- Al Fahlain Location within United Arab Emirates
- Coordinates: 25°41′3″N 55°58′0″E﻿ / ﻿25.68417°N 55.96667°E
- Country: United Arab Emirates
- Emirate: Ras Al Khaimah
- Elevation: 18 m (59 ft)

= Al Fahlain =

Al Fahlain is the name of a settlement in the emirate of Ras Al Khaimah, traditionally mostly settled by members of the Naqbiyin tribe.

== History ==
Together with the village of Khatt, adjacent to the south, the village of Fahlain formed part of the Sheikhdom of the 19th century Al Qasimi ruler of Ras Al Khaimah, Hassan bin Rahmah who signed the General Maritime Treaty of 1820 with the British.

In the 1819 expedition from Bombay, British forces sacked Ras Al Khaimah and Hassan Bin Rahmah signed a preliminary agreement to cede Ras Al Khaimah town, which became the British garrison.

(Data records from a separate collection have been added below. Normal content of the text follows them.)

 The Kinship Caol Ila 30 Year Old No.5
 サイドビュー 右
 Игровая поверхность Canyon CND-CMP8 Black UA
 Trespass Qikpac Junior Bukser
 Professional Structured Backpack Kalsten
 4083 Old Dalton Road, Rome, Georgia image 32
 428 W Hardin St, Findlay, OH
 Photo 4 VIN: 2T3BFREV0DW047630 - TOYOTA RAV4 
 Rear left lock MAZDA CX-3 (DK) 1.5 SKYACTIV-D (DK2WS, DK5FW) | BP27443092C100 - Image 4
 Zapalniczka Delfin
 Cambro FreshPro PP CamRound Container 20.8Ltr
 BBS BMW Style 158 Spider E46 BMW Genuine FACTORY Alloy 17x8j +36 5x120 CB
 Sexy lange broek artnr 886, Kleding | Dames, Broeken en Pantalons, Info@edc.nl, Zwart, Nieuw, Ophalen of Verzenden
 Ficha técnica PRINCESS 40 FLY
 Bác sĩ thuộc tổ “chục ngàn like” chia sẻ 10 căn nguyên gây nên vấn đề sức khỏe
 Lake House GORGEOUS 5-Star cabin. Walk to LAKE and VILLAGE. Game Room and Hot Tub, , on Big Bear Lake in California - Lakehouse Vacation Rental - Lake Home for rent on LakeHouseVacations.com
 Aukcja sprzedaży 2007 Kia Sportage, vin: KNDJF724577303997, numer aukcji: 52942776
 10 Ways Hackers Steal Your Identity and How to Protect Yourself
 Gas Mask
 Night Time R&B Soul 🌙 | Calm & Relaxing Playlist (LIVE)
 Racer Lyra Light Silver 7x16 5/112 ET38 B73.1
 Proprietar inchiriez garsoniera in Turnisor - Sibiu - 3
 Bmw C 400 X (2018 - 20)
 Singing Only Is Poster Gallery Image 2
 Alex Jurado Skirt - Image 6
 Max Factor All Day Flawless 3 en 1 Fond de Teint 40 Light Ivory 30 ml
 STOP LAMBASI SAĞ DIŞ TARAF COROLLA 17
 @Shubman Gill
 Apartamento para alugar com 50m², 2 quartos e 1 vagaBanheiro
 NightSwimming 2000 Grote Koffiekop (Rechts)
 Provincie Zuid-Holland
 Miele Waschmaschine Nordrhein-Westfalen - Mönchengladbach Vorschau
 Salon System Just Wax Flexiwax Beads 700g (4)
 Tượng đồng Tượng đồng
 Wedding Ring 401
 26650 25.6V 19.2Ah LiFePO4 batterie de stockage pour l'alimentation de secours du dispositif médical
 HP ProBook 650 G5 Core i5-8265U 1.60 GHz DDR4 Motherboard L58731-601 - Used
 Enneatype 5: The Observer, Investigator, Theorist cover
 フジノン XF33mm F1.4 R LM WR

He signed the 1820 treaty as "Sheikh of Hatt and Falna, formerly of Ras Al Khaimah". Hatt is modern Khatt, while Falna is Fahlain.

The mosque at Fahlain has been compared to that of Al Badiyah and is said to be the oldest in Ras Al Khaimah. Contemporary accounts date it to before the 18th Century. In 1903, Lorimer noted the village consisted of 60 Naqbiyin houses and 2,000 date palms.